Brief:
In the material below, the lines between the one holding "Pink & Black" and the one holding "Bat Yoga Flow Car Flag", inclusive, are to be set down word for word. Pictures stay out.

Record set:
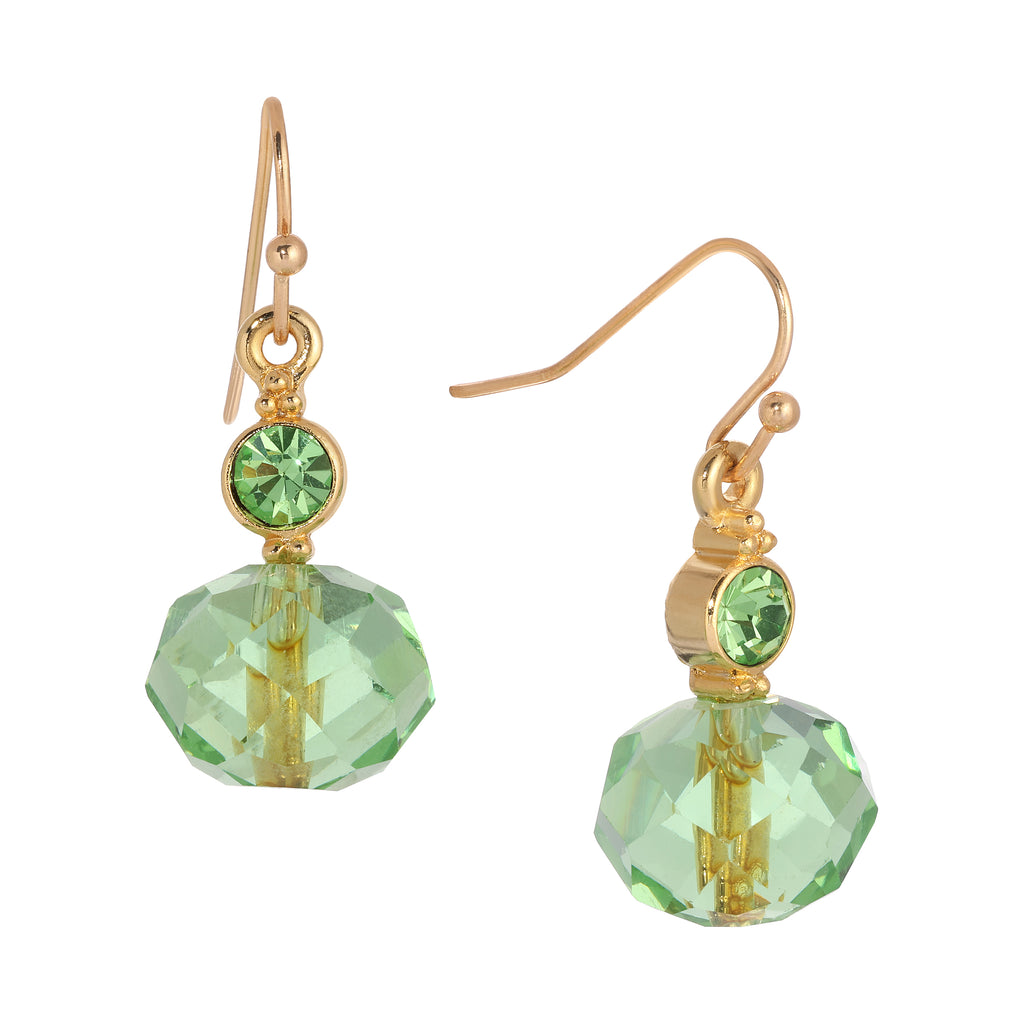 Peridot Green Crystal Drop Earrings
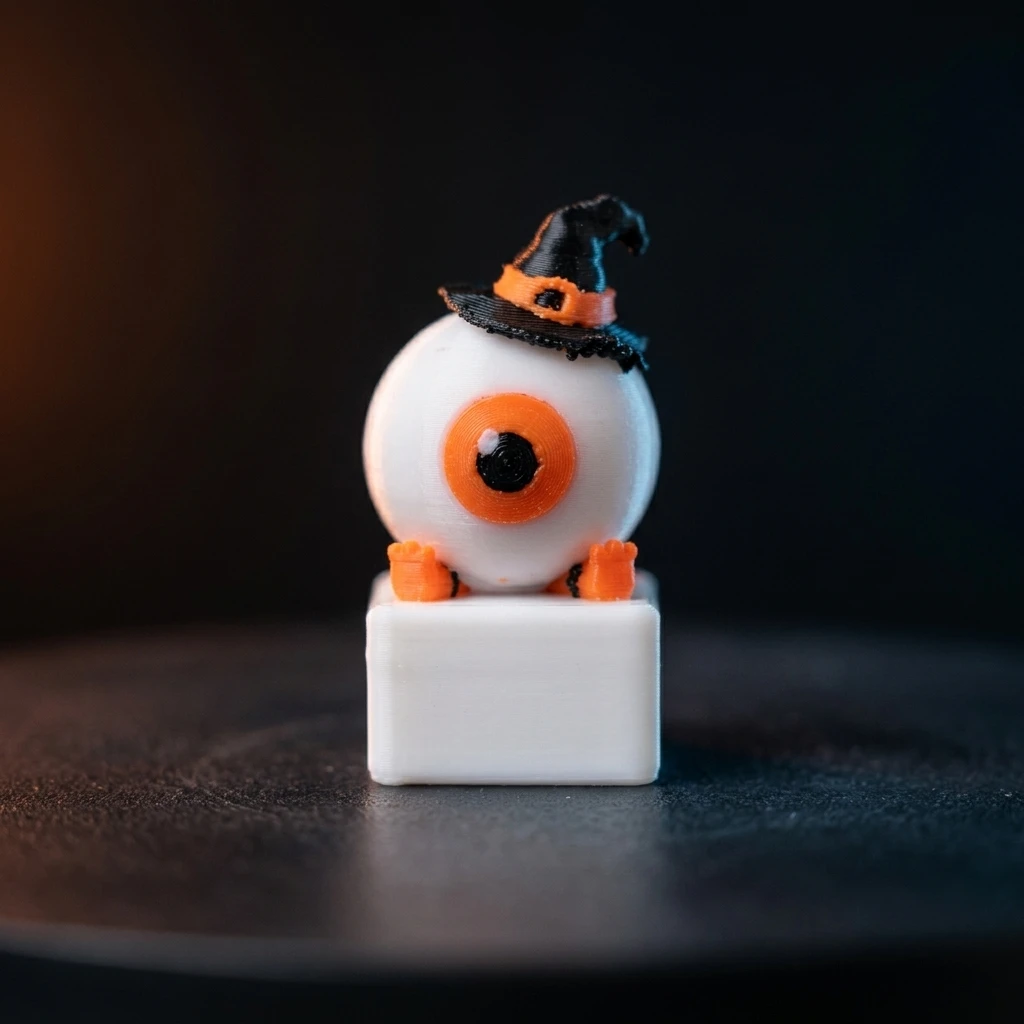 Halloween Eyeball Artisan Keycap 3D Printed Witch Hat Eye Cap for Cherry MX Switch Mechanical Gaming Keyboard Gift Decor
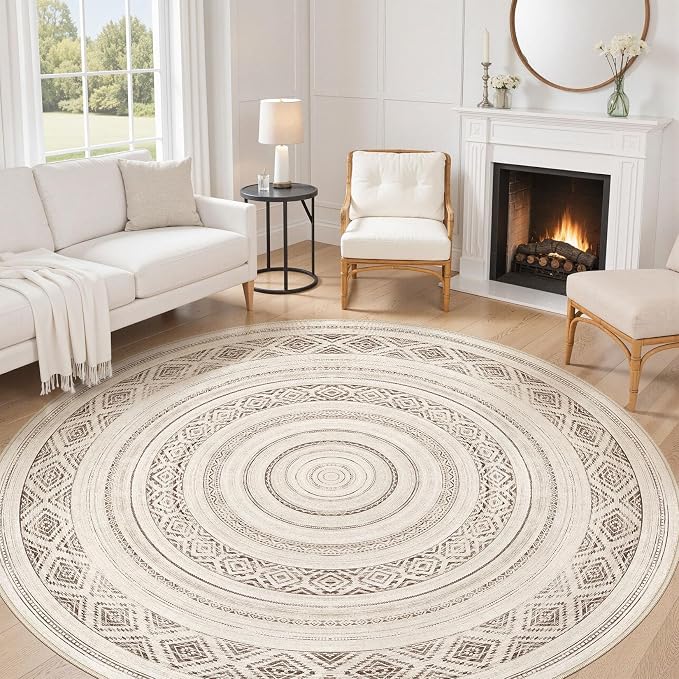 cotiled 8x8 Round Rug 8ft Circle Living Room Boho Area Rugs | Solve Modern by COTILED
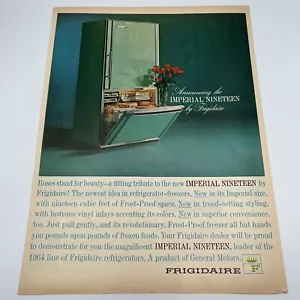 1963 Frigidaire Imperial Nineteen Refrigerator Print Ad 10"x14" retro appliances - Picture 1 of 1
...
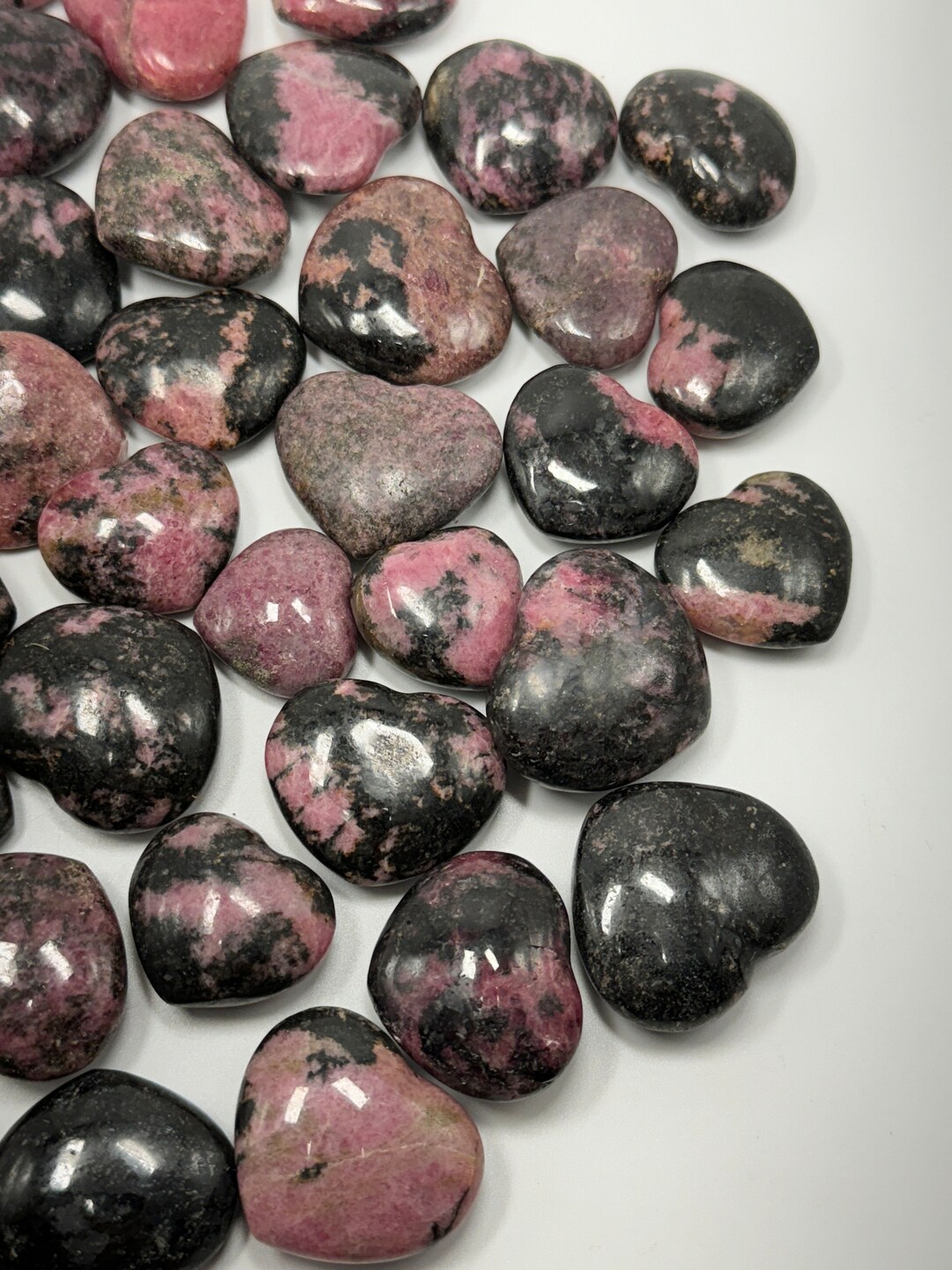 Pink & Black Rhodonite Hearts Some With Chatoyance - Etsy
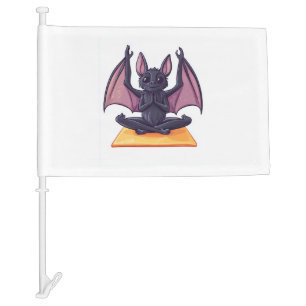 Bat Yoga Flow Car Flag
...
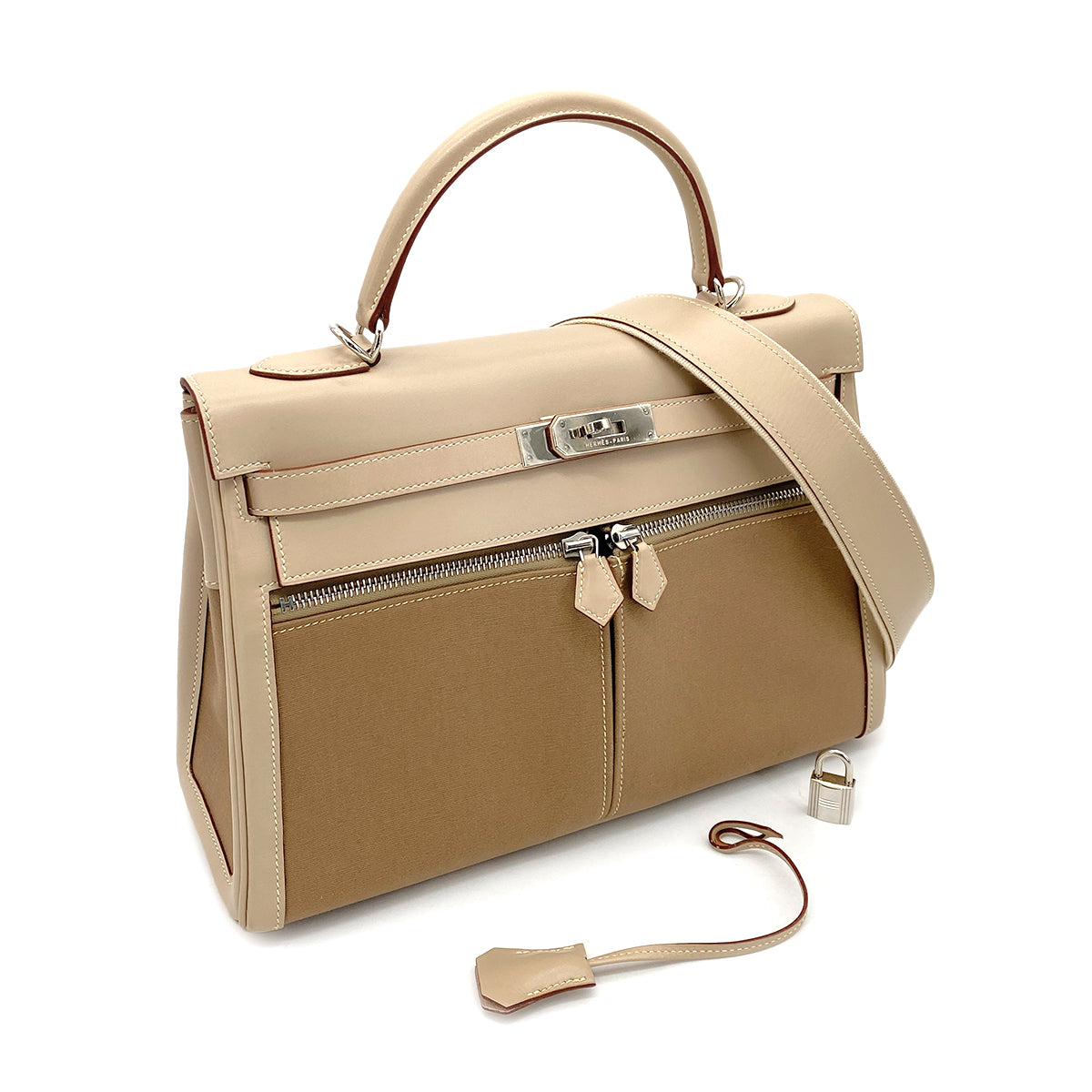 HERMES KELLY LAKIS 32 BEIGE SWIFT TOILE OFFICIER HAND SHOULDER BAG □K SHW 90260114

Task solution:
 Pink & Black Rhodonite Hearts Some With Chatoyance - Etsy
 Bat Yoga Flow Car Flag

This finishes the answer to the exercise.